Modeling Linearity

Discussion in 'Strategy Development' started by vanilla2, Nov 1, 2003.

  1. Using tradestation's standard set of optimization parameters as building blocks, what is the best measure of linearity in an equity curve that somehow factors in the number of trades to determine a sort of efficiency measure?

    Basically, I want to find the most linear curve with the fewest trades within a multi-dimensional matrix of strategy inputs and optimization outputs.

    Would this be ROA / # of trades, like a sort of ROA per trade?

    Or (Net Profit / max drawdown) / # of trades?

    I tried working with net profit / # of trades, but realized this is simply a net profit per trade, which is biased toward fewer numbers of trades without really addressing the linearity issue.
     
  2. answer this directly because I don't have TS. However, to measure the relative efficiency when comparing stocks to other stocks I did this:

    Each day divide your gain or loss for the day by the stock's closing price. Divide the gain or loss for the day by the number of trades your system made that day. Add these two numbers together. Divide this number by the amount of commissions paid during the day. This will give you a measure of efficiency for the stock you are trading compared to other stocks you are watching. I would generally use three days worth of data for comparing anywhere from 12 to 20 stocks and update the three day block every evening then just watch the ones showing the best performance. As I built up a statistical record it became a little easier to find stocks to trade.

    I have no idea how this would work for futures.
     
  3. How about using Standard Error.

    Take the equity curves total profit and divide it by the SE.
    The higher the ratio the better the equity curve in terms of profit and linearity!

    I actually use the Standard Error Band width.

    So, for your use figure the standard error of the equity curves for the various opts, and divide the total profit for each by the SE. The highest ratio should be the best curve.

    See the attached equity curve for an example


    Bob
     
  4. excellent suggestions guys, thanks.

    Bob, what platform are you using to calc standard error of an eq curve?

    I know in TS, I could plot the eq curve as an indicator and apply standard error bands but this would become extremely tedious over a matrix of 75,000 input combinations.

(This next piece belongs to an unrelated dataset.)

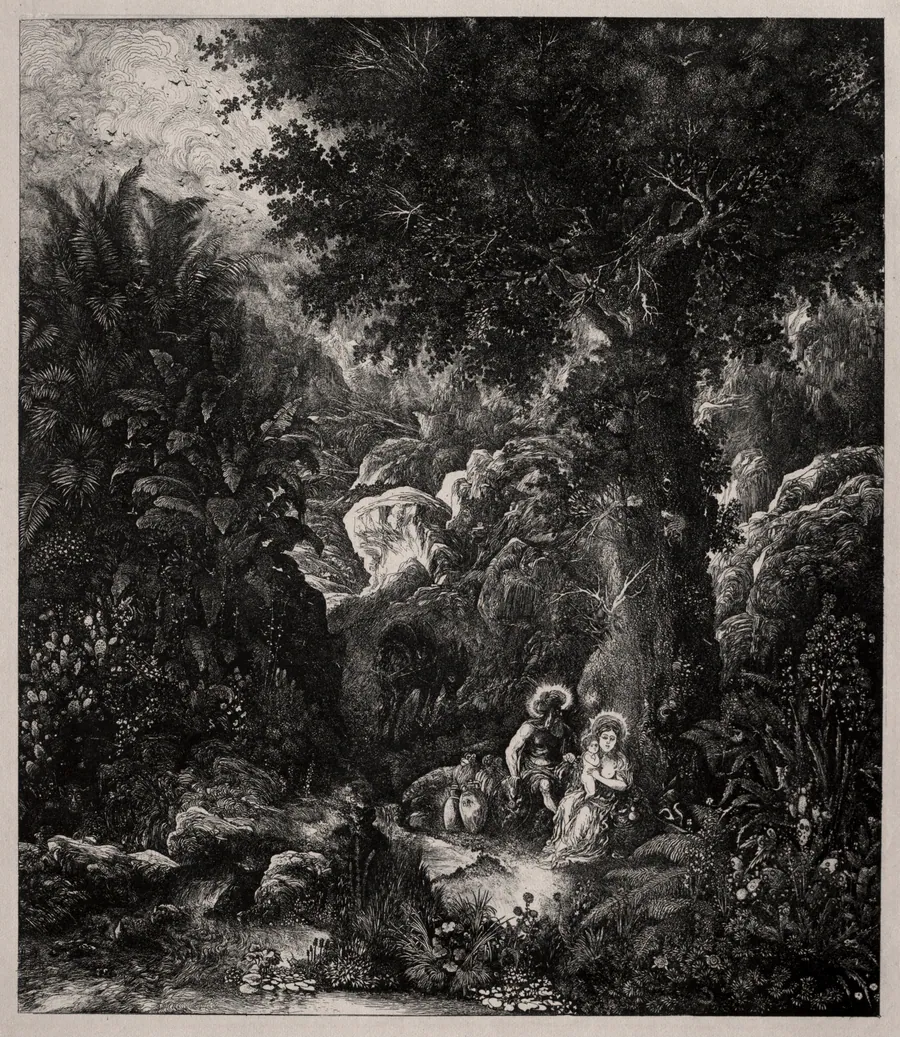 Rest on the Flight into Egypt with a Saddled Donkey by Rodolphe Bresdin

Are you using custom written software, or are you only performing this analysis on individual eq curves? If I had an easy way for TS to generate standard error, NP/SE sounds like an excellent metric. Thanks for getting me thinking in the right direction.

    Basically the metrics I have readily available are # of trades, net profit, gross profit, gross loss, profit factor, % profitable, roa and max drawdown. I can manipulate these core figures in any manner in excel. Now that I need the functionality, I'm really surprised TS doesn't have more sophisticated DD analysis like standard error, average DD, or something ala Seykota's lake ratio which I believe compares the area under and over sections of the curve as drawdowns and new highs are made. Max DD leaves much to be desired.

    thanks

    any other ideas are welcome and appreciated.
     
  5. I use Metastock :)
    But for my simple systems it is sufficient and I can plot the standard error bands on each equity curve to aid in determining which of the systems is performing the best.

    So, I do not use the equity output to curve fit my systems. I only use the equity output to determine which of several hundred systems I want to use in trading a specific market. From the equity curve it is possible with the standard error bands to determine the most linear systems. The equity curves that have the highest SW ratio are used for trading.

    Bob
     
  6. yes, curve fits are bad. i hesitate to trade more than two degrees of freedom, three max. what i'm working toward finding are the loci of efficiency across massive swaths of the input matrix. not for one specific best fit per se. the next step is to animate the data and observe how the efficient planes migrate over time. this could lead to an adaptive component. it's increasingly looking like a custom harness is required for this type of analysis.

    Are there other good DD metrics, especially ones that can be abstracted from standard TS outputs?
     
  7. No point in optimzing an equity curve of a single system on a single market. Believe me I have done it 10 years ago.
     
  8. can you elaborate ... are you saying that arbitrary parameters are preferable?

    hard core system people, how do you measure efficiency? since my initial post, i am coming to think MAR/#trades is decent. are there any mechanically focused boards anyone can perhaps point me to..
     
  9. excellent, thanks bob. btw - i am still working on ways to get variance figures in bulk from TS. appreciate this suggestion very much.